Please, without the pictures, retype exactly the lines from the start of the material through the line that holds "Echo Boomers Blue".

Given material.
§

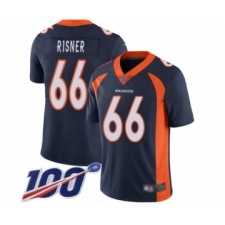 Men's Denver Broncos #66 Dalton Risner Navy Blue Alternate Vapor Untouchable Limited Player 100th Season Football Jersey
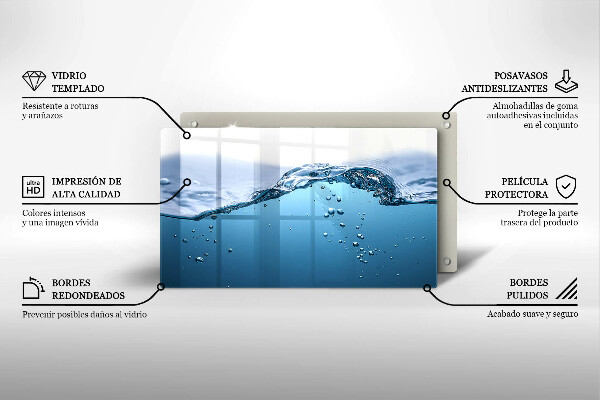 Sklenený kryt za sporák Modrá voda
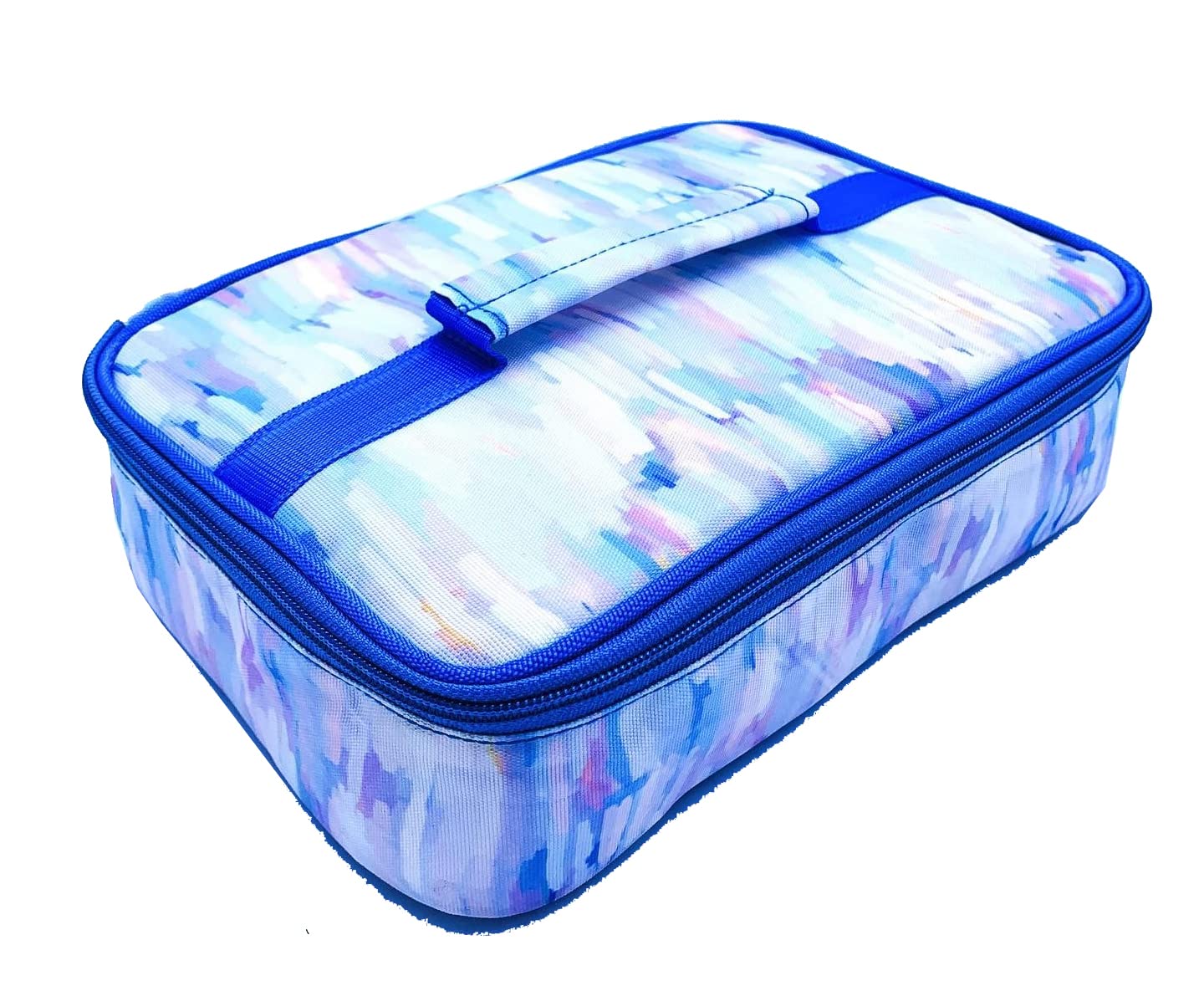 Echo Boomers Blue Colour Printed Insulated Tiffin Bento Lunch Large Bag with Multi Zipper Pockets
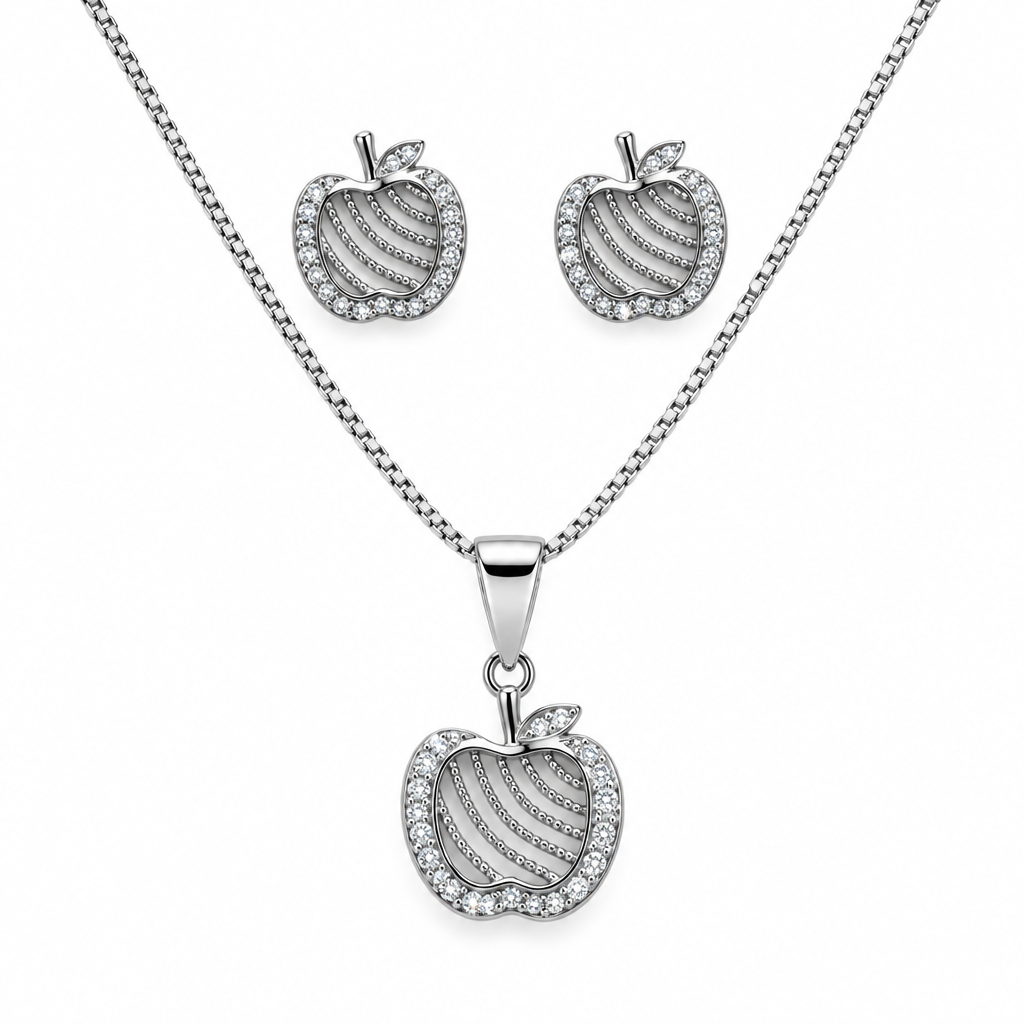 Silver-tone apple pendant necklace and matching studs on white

§

Completed exercise.
 Men's Denver Broncos #66 Dalton Risner Navy Blue Alternate Vapor Untouchable Limited Player 100th Season Football Jersey
 Sklenený kryt za sporák Modrá voda
 Echo Boomers Blue Colour Printed Insulated Tiffin Bento Lunch Large Bag with Multi Zipper Pockets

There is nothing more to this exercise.